Every line of the material below in which "Samsung" shows up is to be located and copied.

→ RECORDS TO PROCESS:

..............................

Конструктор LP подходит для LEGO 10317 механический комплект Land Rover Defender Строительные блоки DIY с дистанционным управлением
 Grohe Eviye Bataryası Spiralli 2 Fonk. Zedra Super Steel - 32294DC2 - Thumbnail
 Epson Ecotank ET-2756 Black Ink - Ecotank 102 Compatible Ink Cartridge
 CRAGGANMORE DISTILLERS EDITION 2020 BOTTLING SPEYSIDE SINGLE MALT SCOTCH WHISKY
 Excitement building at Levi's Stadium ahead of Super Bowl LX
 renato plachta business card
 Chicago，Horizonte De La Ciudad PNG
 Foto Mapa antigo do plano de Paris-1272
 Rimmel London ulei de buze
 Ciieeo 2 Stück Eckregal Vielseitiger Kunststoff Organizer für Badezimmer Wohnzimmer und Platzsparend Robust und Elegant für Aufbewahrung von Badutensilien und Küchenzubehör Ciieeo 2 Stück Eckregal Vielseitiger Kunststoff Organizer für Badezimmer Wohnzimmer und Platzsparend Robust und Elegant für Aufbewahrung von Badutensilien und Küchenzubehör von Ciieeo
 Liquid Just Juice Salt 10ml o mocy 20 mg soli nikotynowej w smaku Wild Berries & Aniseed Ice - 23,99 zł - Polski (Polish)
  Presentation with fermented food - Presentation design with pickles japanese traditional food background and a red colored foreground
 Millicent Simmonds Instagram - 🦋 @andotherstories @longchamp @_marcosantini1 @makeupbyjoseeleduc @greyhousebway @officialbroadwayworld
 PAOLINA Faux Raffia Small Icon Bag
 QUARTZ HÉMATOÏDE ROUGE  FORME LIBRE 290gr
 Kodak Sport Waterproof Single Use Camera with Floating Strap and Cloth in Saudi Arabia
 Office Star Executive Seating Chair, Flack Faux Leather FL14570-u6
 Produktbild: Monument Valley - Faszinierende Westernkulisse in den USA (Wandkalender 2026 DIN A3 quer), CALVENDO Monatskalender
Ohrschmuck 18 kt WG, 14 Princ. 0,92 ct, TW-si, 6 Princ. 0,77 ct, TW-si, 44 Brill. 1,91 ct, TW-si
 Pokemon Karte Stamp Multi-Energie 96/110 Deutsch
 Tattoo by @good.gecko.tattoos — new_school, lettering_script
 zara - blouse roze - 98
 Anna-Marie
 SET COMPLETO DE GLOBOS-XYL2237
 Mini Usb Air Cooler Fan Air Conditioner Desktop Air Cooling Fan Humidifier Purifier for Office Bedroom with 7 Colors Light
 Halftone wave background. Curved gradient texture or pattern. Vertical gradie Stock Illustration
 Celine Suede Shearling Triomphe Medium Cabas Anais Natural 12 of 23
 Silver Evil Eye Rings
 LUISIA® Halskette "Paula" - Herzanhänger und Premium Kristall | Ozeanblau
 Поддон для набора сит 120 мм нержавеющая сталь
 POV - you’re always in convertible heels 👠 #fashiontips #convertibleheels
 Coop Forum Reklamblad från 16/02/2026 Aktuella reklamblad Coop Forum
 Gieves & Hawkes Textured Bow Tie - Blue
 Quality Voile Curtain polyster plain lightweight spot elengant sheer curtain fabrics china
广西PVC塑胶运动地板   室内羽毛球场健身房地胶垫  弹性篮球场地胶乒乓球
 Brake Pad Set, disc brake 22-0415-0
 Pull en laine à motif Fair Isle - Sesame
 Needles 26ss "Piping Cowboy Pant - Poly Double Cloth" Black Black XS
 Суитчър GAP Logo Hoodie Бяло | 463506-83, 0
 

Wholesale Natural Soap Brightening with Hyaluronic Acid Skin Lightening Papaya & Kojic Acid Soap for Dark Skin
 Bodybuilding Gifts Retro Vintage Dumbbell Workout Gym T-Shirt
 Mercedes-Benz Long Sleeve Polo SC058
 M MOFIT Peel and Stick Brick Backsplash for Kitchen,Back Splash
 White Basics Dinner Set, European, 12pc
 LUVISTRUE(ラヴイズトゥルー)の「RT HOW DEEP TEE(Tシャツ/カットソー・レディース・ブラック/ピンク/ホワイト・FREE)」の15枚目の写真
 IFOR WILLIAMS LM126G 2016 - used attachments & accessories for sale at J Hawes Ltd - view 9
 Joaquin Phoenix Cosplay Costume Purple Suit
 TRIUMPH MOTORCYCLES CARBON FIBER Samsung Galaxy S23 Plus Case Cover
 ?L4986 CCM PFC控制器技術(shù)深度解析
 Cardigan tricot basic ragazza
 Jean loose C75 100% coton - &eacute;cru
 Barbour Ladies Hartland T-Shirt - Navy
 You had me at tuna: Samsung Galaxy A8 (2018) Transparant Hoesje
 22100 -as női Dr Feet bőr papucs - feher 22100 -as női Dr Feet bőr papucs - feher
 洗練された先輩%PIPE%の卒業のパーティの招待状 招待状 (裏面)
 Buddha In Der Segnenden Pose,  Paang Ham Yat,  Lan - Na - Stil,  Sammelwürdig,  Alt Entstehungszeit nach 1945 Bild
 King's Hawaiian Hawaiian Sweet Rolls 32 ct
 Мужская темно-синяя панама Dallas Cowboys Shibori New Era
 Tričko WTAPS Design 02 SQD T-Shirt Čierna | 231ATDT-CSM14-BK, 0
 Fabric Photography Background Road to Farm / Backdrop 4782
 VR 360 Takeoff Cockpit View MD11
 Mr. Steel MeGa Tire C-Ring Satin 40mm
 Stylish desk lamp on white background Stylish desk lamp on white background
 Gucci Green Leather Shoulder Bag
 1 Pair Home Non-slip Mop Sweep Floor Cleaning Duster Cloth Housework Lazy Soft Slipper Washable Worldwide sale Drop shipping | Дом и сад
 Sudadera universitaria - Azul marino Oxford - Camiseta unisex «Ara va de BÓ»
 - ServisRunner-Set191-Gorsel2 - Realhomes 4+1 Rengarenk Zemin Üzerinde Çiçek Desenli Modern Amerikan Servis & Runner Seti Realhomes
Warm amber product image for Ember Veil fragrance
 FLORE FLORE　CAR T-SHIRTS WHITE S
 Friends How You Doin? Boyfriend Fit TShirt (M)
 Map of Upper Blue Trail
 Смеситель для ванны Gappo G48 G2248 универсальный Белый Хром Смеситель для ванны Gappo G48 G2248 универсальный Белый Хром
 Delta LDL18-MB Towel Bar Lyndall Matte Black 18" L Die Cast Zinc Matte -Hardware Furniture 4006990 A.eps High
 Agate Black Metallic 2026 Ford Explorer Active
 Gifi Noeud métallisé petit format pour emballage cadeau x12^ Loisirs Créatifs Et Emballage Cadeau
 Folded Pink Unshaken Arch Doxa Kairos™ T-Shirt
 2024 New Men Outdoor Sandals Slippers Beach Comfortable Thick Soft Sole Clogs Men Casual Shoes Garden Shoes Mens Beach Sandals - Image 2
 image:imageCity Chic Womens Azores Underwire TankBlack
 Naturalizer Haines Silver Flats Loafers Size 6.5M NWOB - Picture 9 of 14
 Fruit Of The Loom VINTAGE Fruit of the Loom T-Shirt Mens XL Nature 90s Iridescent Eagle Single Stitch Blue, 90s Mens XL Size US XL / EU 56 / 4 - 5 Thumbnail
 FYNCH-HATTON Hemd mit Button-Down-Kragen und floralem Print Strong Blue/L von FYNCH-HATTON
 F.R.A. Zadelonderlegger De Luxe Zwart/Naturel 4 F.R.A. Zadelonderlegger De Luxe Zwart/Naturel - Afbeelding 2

..............................

→ RESPONSE TO THIS TASK:
 TRIUMPH MOTORCYCLES CARBON FIBER Samsung Galaxy S23 Plus Case Cover
 You had me at tuna: Samsung Galaxy A8 (2018) Transparant Hoesje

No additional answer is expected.